Our Full Report on the Voatz Mobile Voting Platform - galapago
https://blog.trailofbits.com/2020/03/13/our-full-report-on-the-voatz-mobile-voting-platform/
======
tprynn
Systemic issues:

* Creds scattered throughout source code, including DB / AWS creds, "fixed" by removing but still present in git history

* Numerous crypto vulns: nonces / AES-ECB

* What's even the point of blockchain, it just makes everything worse

Selected quotes:

"Trail of Bits was only provided a backend for live testing on the second-to-
last scheduled day of the assessment"

"The system is unusually complex, with an order-of-magnitude more custom code
than similar mobile voting systems we have assessed."
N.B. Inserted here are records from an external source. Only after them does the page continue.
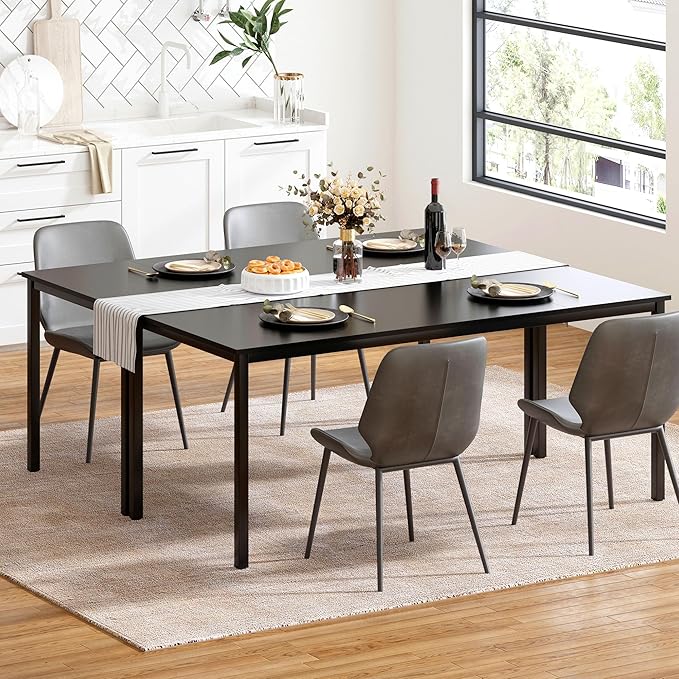 SogesGame Computer Desk, 71 inches Desk & Workstations for Home Office, Writing Study Corner Desk, Modern Simple Style Laptop Table, Easy to Assemble, Black - LeafyLoom
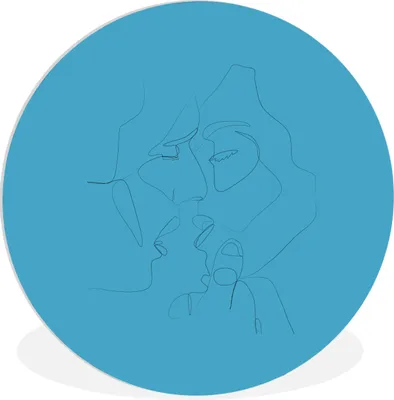 Produktbild von MuchoWow® Rundes Wandbild - Runde Bilder Ehepaar - Linienkunst - Minimalismus Ø 90 cm Kreis Wanddekoration Kunststoff - Wandkreis - Wandschmuck - Wand-Kreis - Wohnzimmer - Bild - Runde - Wanddeko - Dibond - Kunstdrucke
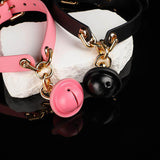 Velvet Echoes - Gilded Bell Leather Pet Play Collar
"Voatz's voting processes are error prone and manual, relying on manual
verification of voter identity and long-term storage of this identity on
Voatz's premises"

"E2E-V systems allow voters to cast encrypted ballots such that ballot counts
are verifiable to anyone, but individual voters’ preferences are not revealed.
... Voatz is not E2E-V."

"Storing voting data on a blockchain maintains an auditable record to prevent
fraud, but this comes at the expense of both privacy and increased attack
surface. Clients do not connect directly to the blockchain themselves, and are
therefore unable to independently verify that their votes were properly
recorded. Anyone with administrative access to the Voatz backend servers will
have enough information to fully reconstruct the entire election, deanonymize
votes, deny votes, alter votes, and invalidate audit trails."